[[ DATA SUPPLIED, beginning ]]

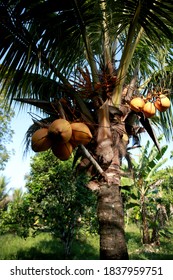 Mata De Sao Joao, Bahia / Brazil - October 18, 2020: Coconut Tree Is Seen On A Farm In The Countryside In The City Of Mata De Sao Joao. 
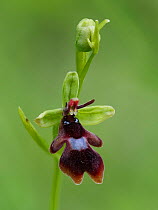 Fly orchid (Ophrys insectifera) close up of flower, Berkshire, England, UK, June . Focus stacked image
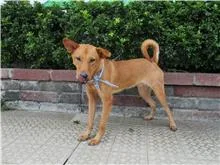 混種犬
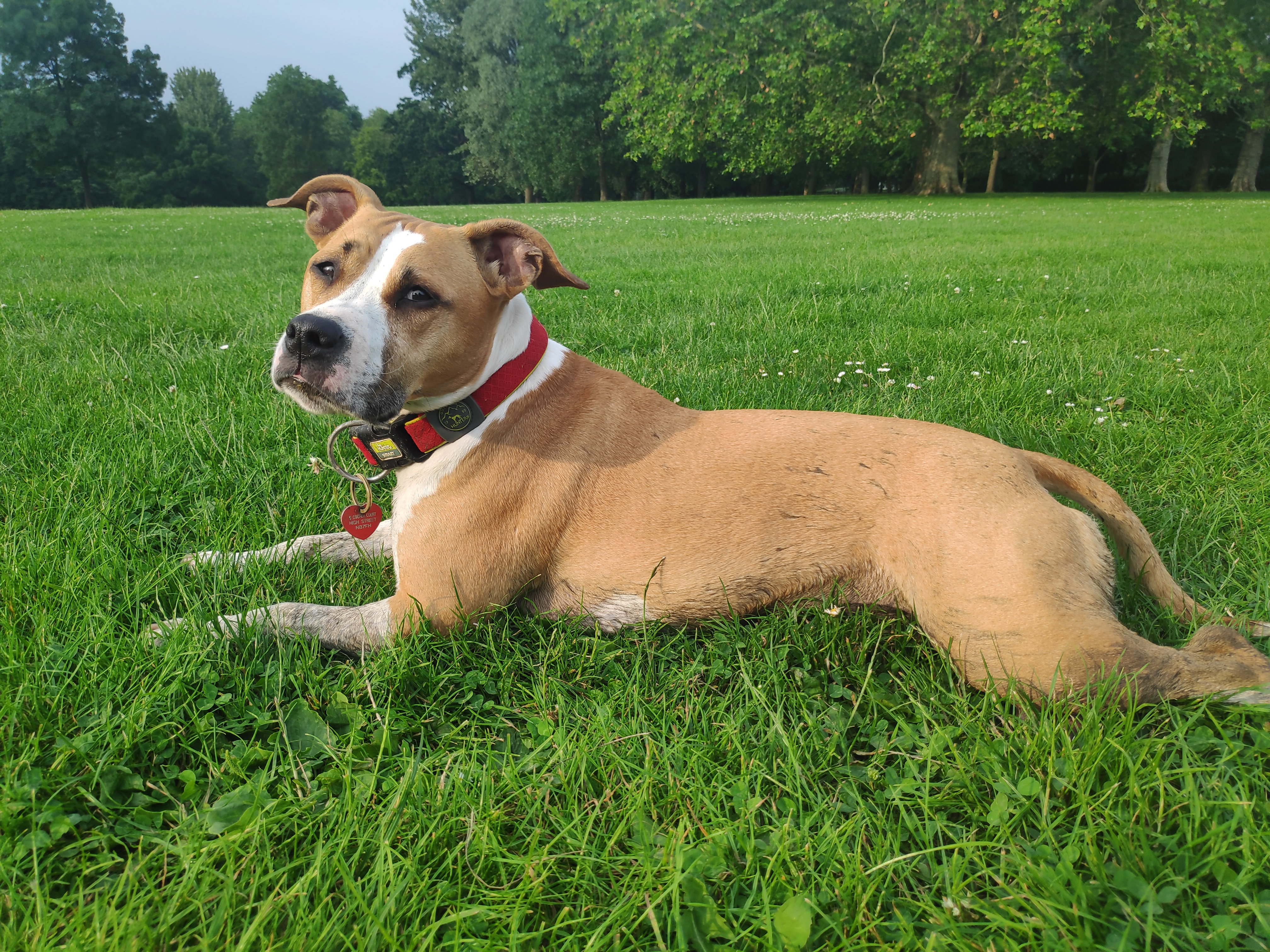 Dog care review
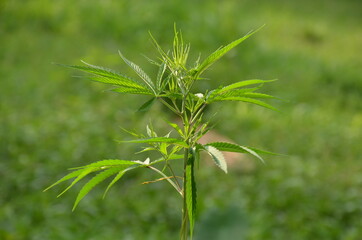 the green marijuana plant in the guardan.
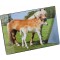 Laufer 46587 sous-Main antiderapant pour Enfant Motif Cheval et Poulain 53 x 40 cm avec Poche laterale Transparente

[[ DATA SUPPLIED, end ]]
[[ DATA SUPPLIED, beginning ]]

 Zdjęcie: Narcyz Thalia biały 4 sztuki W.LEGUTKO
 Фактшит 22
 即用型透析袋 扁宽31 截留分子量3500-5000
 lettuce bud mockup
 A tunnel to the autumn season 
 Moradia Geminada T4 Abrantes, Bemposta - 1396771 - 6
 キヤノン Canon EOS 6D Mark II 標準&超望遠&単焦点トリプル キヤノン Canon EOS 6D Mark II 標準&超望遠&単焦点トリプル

[[ DATA SUPPLIED, end ]]

WHAT NEEDS TO BE DONE:
Give back precisely the lines above that start at the line containing "lettuce bud mockup" and end at the line containing "キヤノン Canon EOS 6D Mark II 標準&超望遠&単焦点トリプル キヤノン", inclusive. No other lines belong in the output.

REPLY TO THE EXERCISE:
 lettuce bud mockup
 A tunnel to the autumn season 
 Moradia Geminada T4 Abrantes, Bemposta - 1396771 - 6
 キヤノン Canon EOS 6D Mark II 標準&超望遠&単焦点トリプル キヤノン Canon EOS 6D Mark II 標準&超望遠&単焦点トリプル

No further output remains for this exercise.